Mr HAWKE: Thank you, Mr Deputy Speaker. I would hate to call the minister out. In
relation to this bill, whenever you look at the cost-benefit analysis the
government goes through in relation to the cost of new legislation, once again
we find evidence of mendacious activity from the government. It is not clear
exactly what cost this would be in terms of the new regulator and it is not
clear where the money is coming from. In relation to what we can tell, we have a
stated figure that the changes will be accompanied by spending of around $98.2
million over the next five years. I want to note that this expenditure is
supposedly offset by cuts of $1 billion overall to the R&D tax incentive
that do not appear to have been appropriately modelled and have certainly never
been publicly clarified or justified.
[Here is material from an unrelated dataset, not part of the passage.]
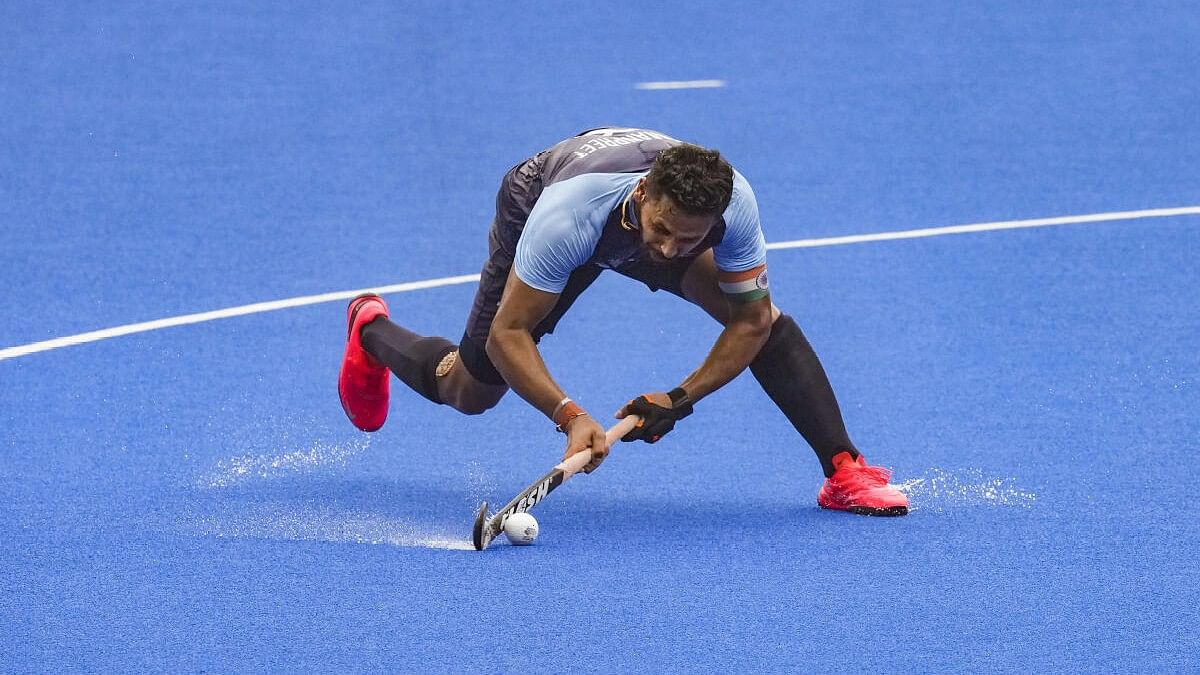 We are working to be in best shape possible for Paris: India men's hockey captain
So, again, whenever we see new legislation
presented with heavy-handed regulation, overregulation, we do not really even
have an understanding of how much it will cost, or a rigorous cost-benefit
analysis. Why is a rigorous cost-benefit analysis important in relation to new
legislation? There is a good 280 billion reasons why a cost-benefit analysis
matters in terms of public debt, net debt, and perhaps some $300 billion of
reasons very shortly in terms of gross debt, why we need cost-benefit analysis,
why we need to look at what is the actual benefit of this new regulator and
legislation versus the cost that it will have to government.

 

When you consider the response of stakeholders, including small
to medium enterprises, industry associations and indeed all of the major
industry sectors, you can see that there is a grave level of concern about the
way this bill would operate. Ideas which could be seen to be reasonable, and
indeed the reduction of the capex of $500 million or more for AIP projects,
could be seen to be a good thing. However, I want to note the dissenting report
by coalition senators, who raise an excellent argument in relation to the
proposed reduction of capex—that is, that there could be a range of problems. In
particular, the Chamber of Commerce and Industry WA provided a calculation that
said that the changes would mean that the share of affected projects would rise
from six per cent to around 26.2 per cent. That is by anybody's benchmark a
dramatic increase. That sort of dramatic increase is something that ought to be
considered quite carefully before we proceed with something like this and would
have a lot of effects in terms of cost and assessments and the involvement of
government in so many other projects. It is something which again does not
appear to be desirable.

 

While the coalition is certainly supportive of the scheme
introduced by the Howard government in 2001, the core purpose—to give Australian
firms increased opportunity to secure work on major local projects—is a worthy
one. When you look at the actual provisions of this bill, however, and you
examine what the government is proposing, it has not been demonstrated, and it
is not obvious, how this particular bill—with its Orwellian title, the
Australian Jobs Bill—will in fact achieve that objective. And I take with grave
concern the concerns of industry and other serious players in this sector
suggesting that, in many ways, the increased regulatory burden and the new
regulator may indeed achieve much of the opposite or add to the sovereign risk
of doing business in Australia.

 

So, with those features in the forefront of our minds, I would
advocate opposing this bill. I know the coalition is opposing this bill. We are
looking for something more meaningful from the government than a new,
heavy-handed regulator and a series of changes which are uncosted and really
have no substantive backing from the sector involved.